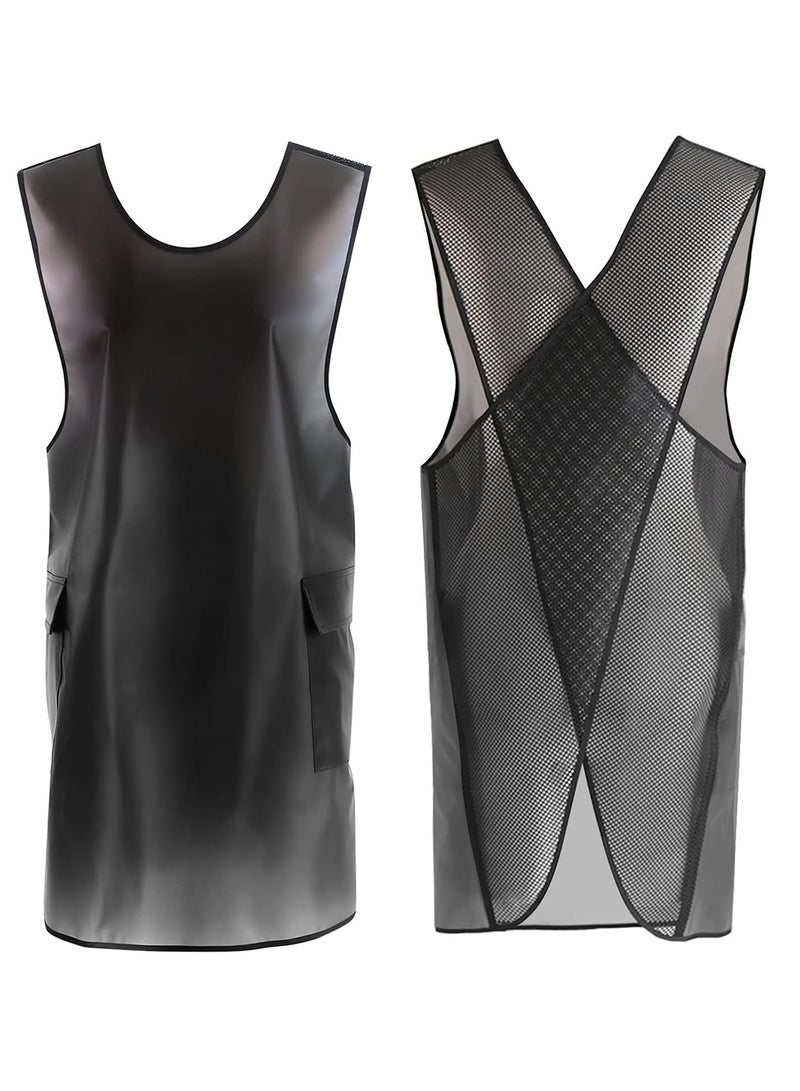SYOSI Apron, Waterproof Cross Back Apron with Pockets, Halter Apron for Cooking Apron for Dishwashing Cleaning Work with Water Black Translucent - Image 1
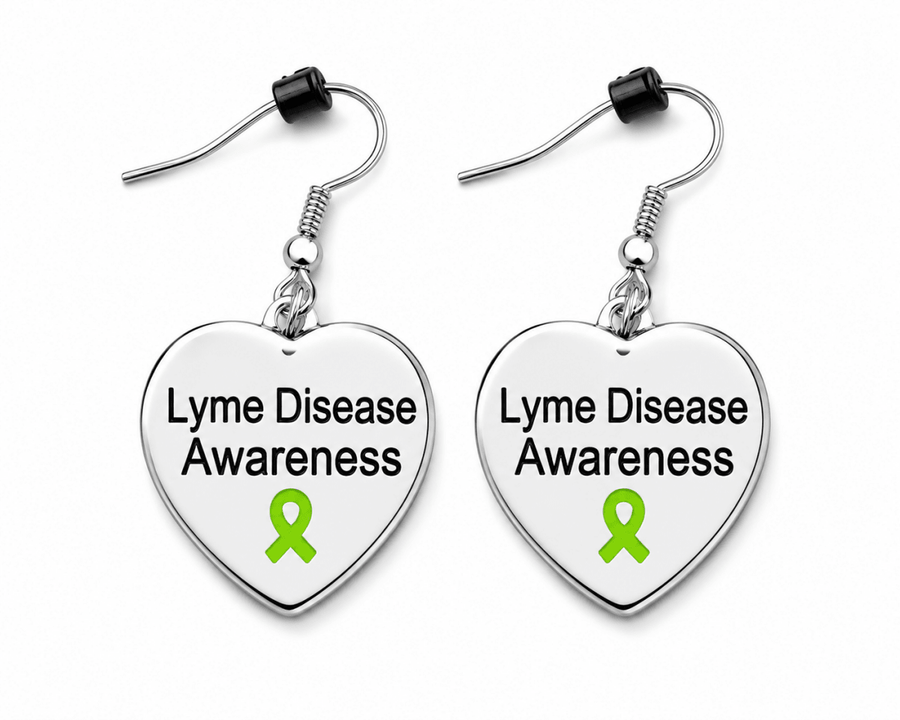 Lyme Disease Awareness Heart Earrings - Fundraising For A Cause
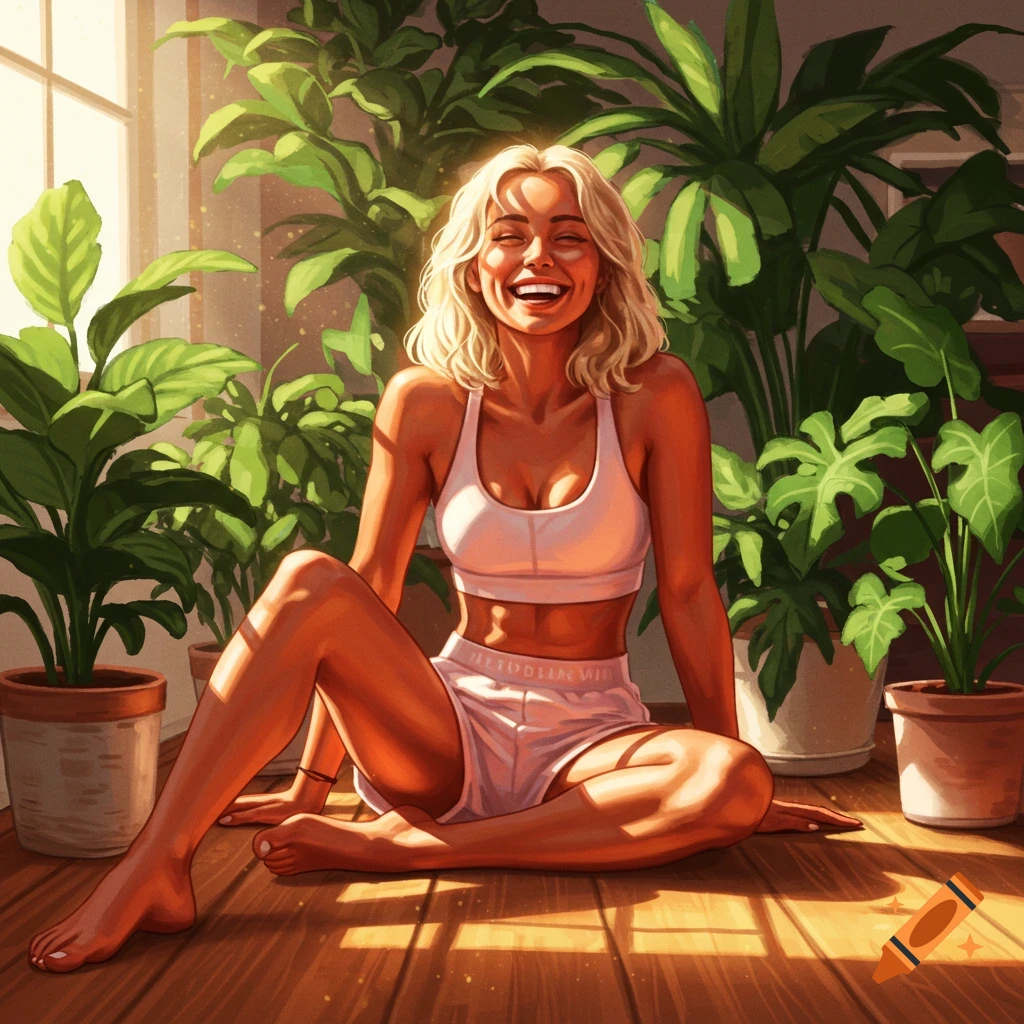 A smiling blonde woman in a pink sports bra and shorts sits on a sunlit wooden floor surrounded by green plants in an illustrated style.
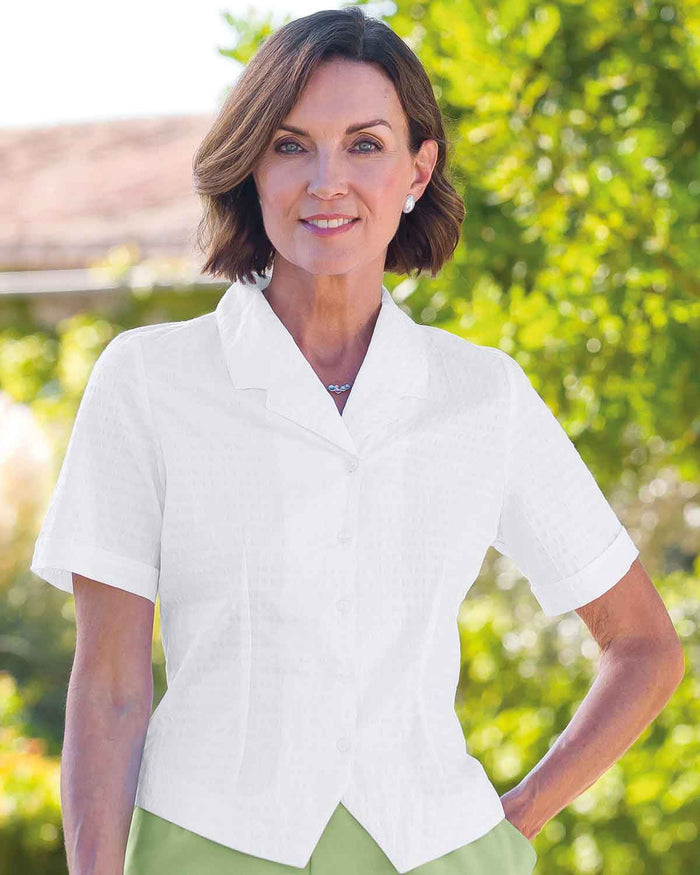 Angela White Cotton Rich Seersucker Blouse - White - Country Collection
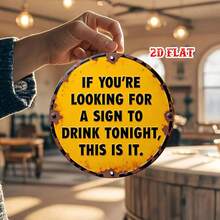 1pc Modern Quote 7.87x7.87 Inch Round Sign, Bold Text Round Aluminum Plate, Funny Slogan Metal Tin Sign - Bold Design Rustic Metal Wall Art, Metal Decor, Wall Decor Sign, Suitable For Home, Garage, Restaurant, Cafe, 2D Flat Halloween Christmas Decoration, Random Hole Position - A - View 9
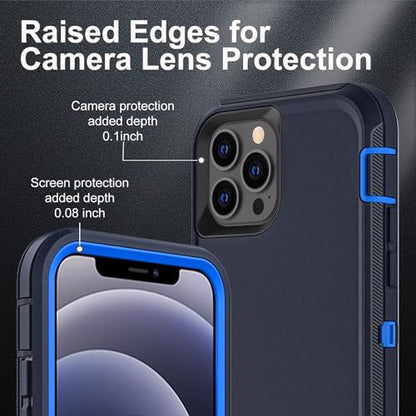 YKHJKLEC for iPhone 12/12 Pro Case, Military Grade 3 in 1 Heavy Duty Shockproof/Drop Proof/Dust Proof with 2Pcs Tempered Glass Screen Protector (Navy Blue) - color: Navy Blue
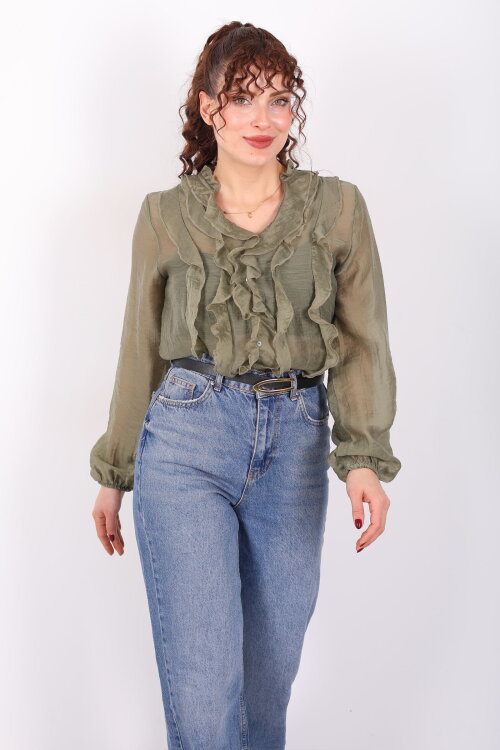 Önü Fırfırlı Düğmeli Haki Kadın Transparan Gömlek - 6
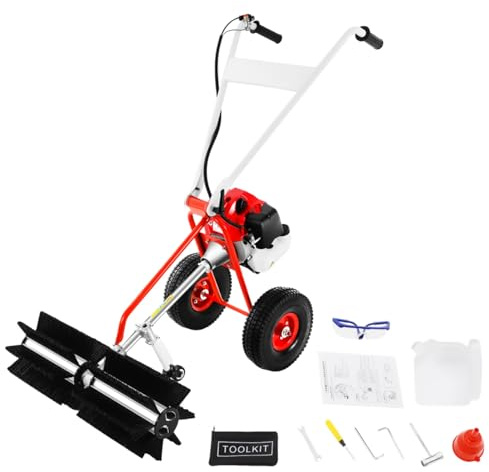 DAOHHFO 1,7 hk 43 cc bensin sopmaskin, 2-takts bensin handskjutningsmaskin, snösläde med hjul, 8 500 RPM snöslunga sveper för trottoar, gräs, snö, rengöring, gräsmatta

_TASK BRIEF_: Return the whole listing word for word, minus its pictures.

_PROBLEM SOLUTION_:
SYOSI Apron, Waterproof Cross Back Apron with Pockets, Halter Apron for Cooking Apron for Dishwashing Cleaning Work with Water Black Translucent - Image 1
 Lyme Disease Awareness Heart Earrings - Fundraising For A Cause
 A smiling blonde woman in a pink sports bra and shorts sits on a sunlit wooden floor surrounded by green plants in an illustrated style.
 Angela White Cotton Rich Seersucker Blouse - White - Country Collection
 1pc Modern Quote 7.87x7.87 Inch Round Sign, Bold Text Round Aluminum Plate, Funny Slogan Metal Tin Sign - Bold Design Rustic Metal Wall Art, Metal Decor, Wall Decor Sign, Suitable For Home, Garage, Restaurant, Cafe, 2D Flat Halloween Christmas Decoration, Random Hole Position - A - View 9
 YKHJKLEC for iPhone 12/12 Pro Case, Military Grade 3 in 1 Heavy Duty Shockproof/Drop Proof/Dust Proof with 2Pcs Tempered Glass Screen Protector (Navy Blue) - color: Navy Blue
 Önü Fırfırlı Düğmeli Haki Kadın Transparan Gömlek - 6
 DAOHHFO 1,7 hk 43 cc bensin sopmaskin, 2-takts bensin handskjutningsmaskin, snösläde med hjul, 8 500 RPM snöslunga sveper för trottoar, gräs, snö, rengöring, gräsmatta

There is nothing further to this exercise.